> _RECORDS SUPPLIED_
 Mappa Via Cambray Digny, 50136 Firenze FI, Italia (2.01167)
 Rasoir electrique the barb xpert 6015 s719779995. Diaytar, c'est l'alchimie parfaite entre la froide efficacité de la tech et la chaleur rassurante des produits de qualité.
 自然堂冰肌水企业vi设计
==
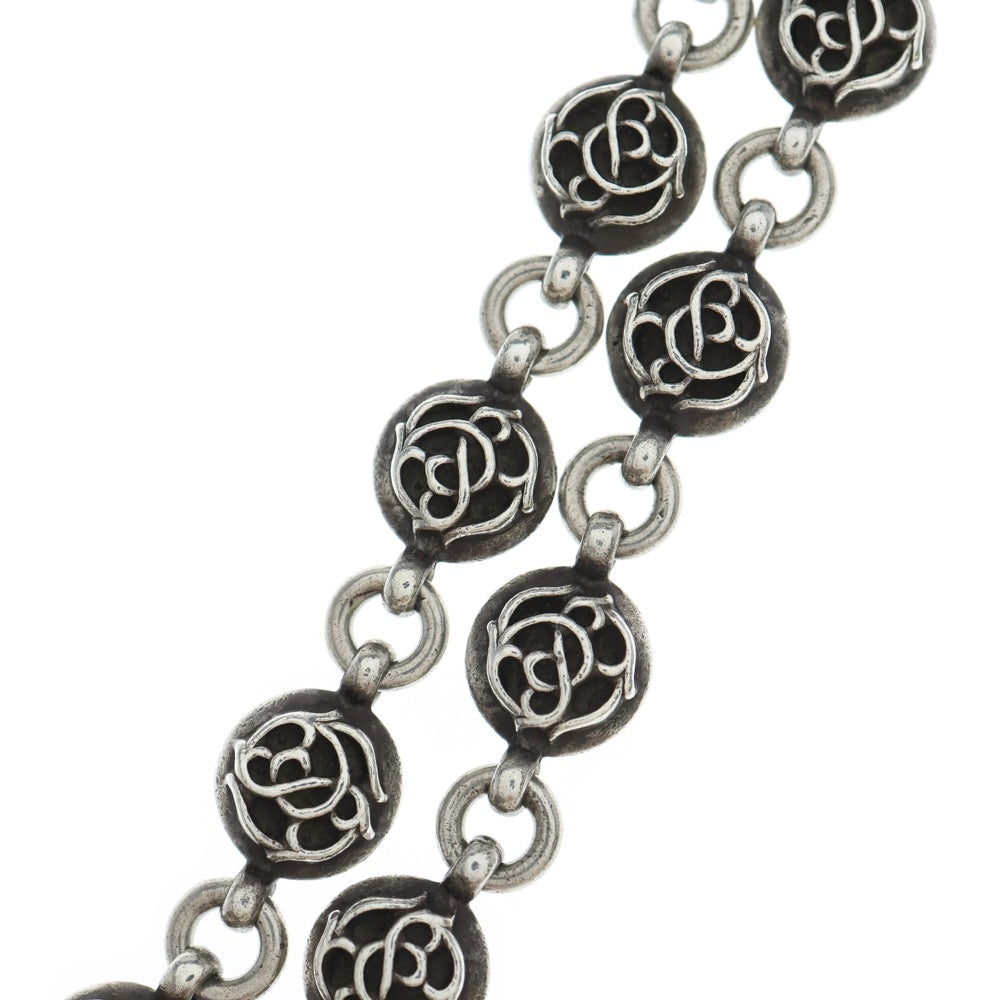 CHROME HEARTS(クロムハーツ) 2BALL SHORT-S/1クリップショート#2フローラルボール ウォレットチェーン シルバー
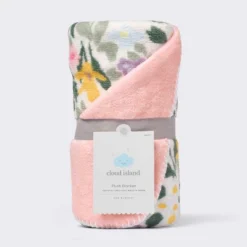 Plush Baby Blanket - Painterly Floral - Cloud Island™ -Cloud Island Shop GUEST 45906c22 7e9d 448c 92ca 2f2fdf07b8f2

> _TASK STATEMENT_
Please make an exact copy of the lines above from the line with "Rasoir electrique the" through the line with "自然堂冰肌水企业vi设计", both ends included.

> _WRITTEN ANSWER_
 Rasoir electrique the barb xpert 6015 s719779995. Diaytar, c'est l'alchimie parfaite entre la froide efficacité de la tech et la chaleur rassurante des produits de qualité.
 自然堂冰肌水企业vi设计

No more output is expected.